You did not say if you were currently retired or not so I will assume not.

Have you examined your spending/expenses closely? I use this as a first step. If you look at the expense side based upon what you spend now vs what changes might happen in retirement, you will have a much better picture of your income requirement.

If the above places your total retirement income over (hopefully well over) your expenses, it would change the need for your savings.

Using $150K, the standard 4% rule would make $6,000 available for withdrawal the first year. Using a more conservative 3.5%, the number would be $5,250.

If this money is needed for your living expenses, it should be held as cash during the year you need it. The next 4 years worth, $25K to $30K would be in something with lower volatility like and intermediate bond fund/ETF.

The beyond 5 year can be a mix of 5 to 10 funds/ETFs that cover the main bases: US large cap, mid cap and small cap stocks and some world/Europe/Asia/South America funds/ETFs.

Since you are 5+ years out, I would just put 1 year in the bond portion to start.

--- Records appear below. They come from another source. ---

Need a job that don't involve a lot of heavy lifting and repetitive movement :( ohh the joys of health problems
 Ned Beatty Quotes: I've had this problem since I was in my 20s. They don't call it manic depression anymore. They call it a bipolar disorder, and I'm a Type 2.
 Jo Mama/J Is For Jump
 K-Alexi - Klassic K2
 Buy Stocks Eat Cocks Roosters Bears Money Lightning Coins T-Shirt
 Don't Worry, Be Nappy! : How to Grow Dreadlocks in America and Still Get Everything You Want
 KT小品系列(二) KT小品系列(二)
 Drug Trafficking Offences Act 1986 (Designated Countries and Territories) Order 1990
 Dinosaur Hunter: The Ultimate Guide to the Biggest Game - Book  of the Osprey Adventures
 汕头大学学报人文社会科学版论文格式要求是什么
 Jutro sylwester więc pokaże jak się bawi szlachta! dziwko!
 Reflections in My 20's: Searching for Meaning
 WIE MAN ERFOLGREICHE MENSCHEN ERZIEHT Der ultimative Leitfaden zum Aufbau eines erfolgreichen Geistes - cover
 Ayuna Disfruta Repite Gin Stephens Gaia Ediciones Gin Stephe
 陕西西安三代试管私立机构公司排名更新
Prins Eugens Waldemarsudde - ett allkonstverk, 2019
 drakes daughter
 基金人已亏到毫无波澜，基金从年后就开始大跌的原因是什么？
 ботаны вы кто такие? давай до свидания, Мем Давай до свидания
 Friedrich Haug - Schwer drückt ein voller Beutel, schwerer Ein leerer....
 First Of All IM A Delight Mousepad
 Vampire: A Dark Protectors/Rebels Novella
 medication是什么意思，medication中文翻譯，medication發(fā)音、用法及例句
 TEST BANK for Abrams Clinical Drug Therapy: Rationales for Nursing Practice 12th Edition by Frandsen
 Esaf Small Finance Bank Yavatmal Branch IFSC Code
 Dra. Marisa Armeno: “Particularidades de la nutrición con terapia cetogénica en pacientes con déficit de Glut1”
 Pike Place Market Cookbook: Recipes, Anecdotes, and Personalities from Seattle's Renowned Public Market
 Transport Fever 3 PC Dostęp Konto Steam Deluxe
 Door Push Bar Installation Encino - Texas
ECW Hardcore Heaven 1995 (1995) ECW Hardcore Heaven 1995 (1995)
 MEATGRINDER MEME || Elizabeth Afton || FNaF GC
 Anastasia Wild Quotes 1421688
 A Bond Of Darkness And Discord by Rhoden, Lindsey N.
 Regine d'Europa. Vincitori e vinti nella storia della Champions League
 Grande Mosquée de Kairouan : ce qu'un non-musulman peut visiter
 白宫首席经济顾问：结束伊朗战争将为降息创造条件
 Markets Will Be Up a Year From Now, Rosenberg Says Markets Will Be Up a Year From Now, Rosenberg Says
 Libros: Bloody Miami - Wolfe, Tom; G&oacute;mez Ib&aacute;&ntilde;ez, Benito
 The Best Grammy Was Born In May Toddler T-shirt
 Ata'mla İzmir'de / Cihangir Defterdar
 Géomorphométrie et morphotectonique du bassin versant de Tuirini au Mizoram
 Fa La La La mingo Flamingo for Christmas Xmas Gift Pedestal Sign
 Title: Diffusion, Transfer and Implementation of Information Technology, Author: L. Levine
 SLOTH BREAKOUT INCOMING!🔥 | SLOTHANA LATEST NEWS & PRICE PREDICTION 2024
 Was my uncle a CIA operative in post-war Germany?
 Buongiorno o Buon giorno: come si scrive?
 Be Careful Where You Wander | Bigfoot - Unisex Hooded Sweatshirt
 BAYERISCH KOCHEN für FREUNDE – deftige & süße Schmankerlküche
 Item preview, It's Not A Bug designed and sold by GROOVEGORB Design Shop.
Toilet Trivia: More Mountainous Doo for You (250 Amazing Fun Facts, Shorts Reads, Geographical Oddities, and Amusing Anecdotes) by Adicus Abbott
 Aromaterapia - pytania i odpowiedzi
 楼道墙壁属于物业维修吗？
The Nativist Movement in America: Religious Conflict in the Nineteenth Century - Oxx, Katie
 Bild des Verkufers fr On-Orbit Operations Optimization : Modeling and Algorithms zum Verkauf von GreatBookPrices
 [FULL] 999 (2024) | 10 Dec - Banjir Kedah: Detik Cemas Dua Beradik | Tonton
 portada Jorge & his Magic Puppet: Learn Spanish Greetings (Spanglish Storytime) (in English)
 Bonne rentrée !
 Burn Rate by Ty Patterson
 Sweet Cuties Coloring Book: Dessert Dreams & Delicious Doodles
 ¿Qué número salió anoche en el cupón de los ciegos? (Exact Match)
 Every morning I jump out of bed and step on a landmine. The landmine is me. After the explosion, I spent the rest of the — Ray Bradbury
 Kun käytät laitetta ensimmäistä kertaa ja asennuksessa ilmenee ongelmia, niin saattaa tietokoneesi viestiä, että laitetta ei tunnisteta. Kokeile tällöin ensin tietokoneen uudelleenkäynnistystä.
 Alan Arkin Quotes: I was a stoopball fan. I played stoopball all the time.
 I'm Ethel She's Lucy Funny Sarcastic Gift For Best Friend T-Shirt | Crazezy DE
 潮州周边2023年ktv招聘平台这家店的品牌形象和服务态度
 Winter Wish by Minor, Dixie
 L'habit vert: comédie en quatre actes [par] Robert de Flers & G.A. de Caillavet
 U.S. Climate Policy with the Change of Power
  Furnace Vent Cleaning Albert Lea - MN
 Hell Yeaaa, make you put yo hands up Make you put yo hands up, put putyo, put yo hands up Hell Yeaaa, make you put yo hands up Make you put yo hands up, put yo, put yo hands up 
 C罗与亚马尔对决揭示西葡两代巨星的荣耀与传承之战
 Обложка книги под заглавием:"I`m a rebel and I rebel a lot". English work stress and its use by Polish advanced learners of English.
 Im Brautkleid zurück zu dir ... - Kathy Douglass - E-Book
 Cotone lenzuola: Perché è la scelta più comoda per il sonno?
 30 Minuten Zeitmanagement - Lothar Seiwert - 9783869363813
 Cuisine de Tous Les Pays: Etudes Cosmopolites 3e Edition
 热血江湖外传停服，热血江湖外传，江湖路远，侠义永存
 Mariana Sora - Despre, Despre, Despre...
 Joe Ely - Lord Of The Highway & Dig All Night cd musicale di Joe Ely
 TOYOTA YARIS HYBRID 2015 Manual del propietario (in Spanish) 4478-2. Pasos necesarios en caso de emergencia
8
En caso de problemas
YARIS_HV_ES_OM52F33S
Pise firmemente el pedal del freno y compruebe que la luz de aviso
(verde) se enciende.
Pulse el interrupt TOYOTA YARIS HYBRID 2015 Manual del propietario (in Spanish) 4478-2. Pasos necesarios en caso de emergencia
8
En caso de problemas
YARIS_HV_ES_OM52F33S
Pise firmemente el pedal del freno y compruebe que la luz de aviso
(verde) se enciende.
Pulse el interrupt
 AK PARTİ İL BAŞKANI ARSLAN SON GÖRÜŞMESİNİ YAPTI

A year ahead, look at what you have and trim a slice from the stuff that has moved ahead the most and place a second year into the bond bucket. Continue each year until you hit the point where you will need the cash. If the markets are doing well, I take some profits to use for cash and let the rest ride.

Once you hit the point where you will need this each year, look at the market conditions. If the stock funds are getting hammered (think 2008), leave them alone and draw your cash from the bonds. You should be able to do that for 4 years without touching the stuff that is beaten down. We made it through the 2007 through 2009 without any required stock sales (we were 90% funding retirement from savings at the time.).

Make a plan for yourself that you understand and follow it. Do not panic sell when markets go down. Most times when people do that they miss the swing up and lose money in the process.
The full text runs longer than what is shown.